Any reference to a person’s inability to execute a task, such as “retarded,” “lame,” “dumb,” and “crazy” are also no-nos because they allegedly target “mental, emotional, and physical disabilities as objects for ridicule.”

But of all the items prohibited by the guide, perhaps the most absurd is the phrase “you guys,” which apparently generalizes “a group of people to be masculine,” and fails to properly address the various identities of those in the room.

The guide, like all other PC efforts, is yet another attempt at preventing hurt feelings. It contributes to students’ inflated sense of self and their delusions that they should never have to experience confrontation or differing viewpoints that they may perceive as offensive. Of course, the PC movement encourages all viewpoints to be accepted, unless they are conservative or Christian. Those are the viewpoints deemed hateful, and anyone holding them should obviously be told they are wrong. 

Institutions of higher education are doing a dramatic disservice to their students by guarding them from all that can hurt their egos. Greg Lukianoff, a constitutional lawyer and the president and CEO of the Foundation for Individual Rights in Education, and Jonathan Haidt, a social psychologist who studies the American culture wars, addressed this very issue in the September 2015 issue of The Atlantic in an article entitled “The Coddling of the American Mind.”

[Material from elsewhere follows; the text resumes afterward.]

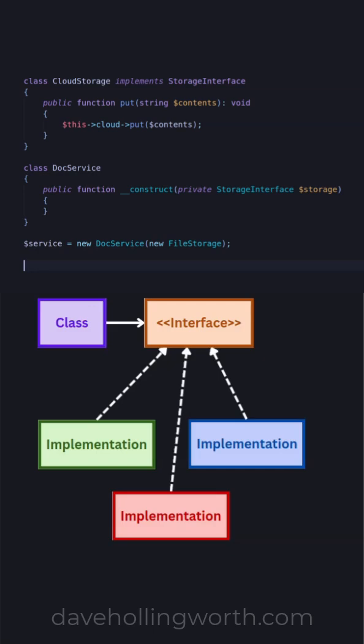They make the code flexible, testable, and easier to change. For a more in-depth video about how type hinting using interfaces works in a PHP application, click on the link to the related video below.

They contend that political correctness has morphed into an even more restrictive movement that not only seeks to limit free speech but also attempts to punish anyone who interferes with those goals, which fails to prepare students for real-world scenarios. They wrote:

It prepares them poorly for professional life, which often demands intellectual engagement with people and ideas one might find uncongenial or wrong. The harm may be more immediate, too. A campus culture devoted to policing speech and punishing speakers is likely to engender patterns of thought that are surprisingly similar to those long identified by cognitive behavioral therapists as causes of depression and anxiety. The new protectiveness may be teaching students to think pathologically.

These PC efforts encourage students to avoid all that they fear and all that offends them, thereby further increasing their sensitivity to things that may otherwise have not offended them. “In the name of emotional well-being, college students are increasingly demanding protection from words and ideas they don’t like,” Lukianoff and Haidt wrote.

Schools such as the University of Wisconsin-River Falls are only too happy to comply. And as long as the students remain on campus, they may be able to safely avoid being offended, but who will protect them when they graduate?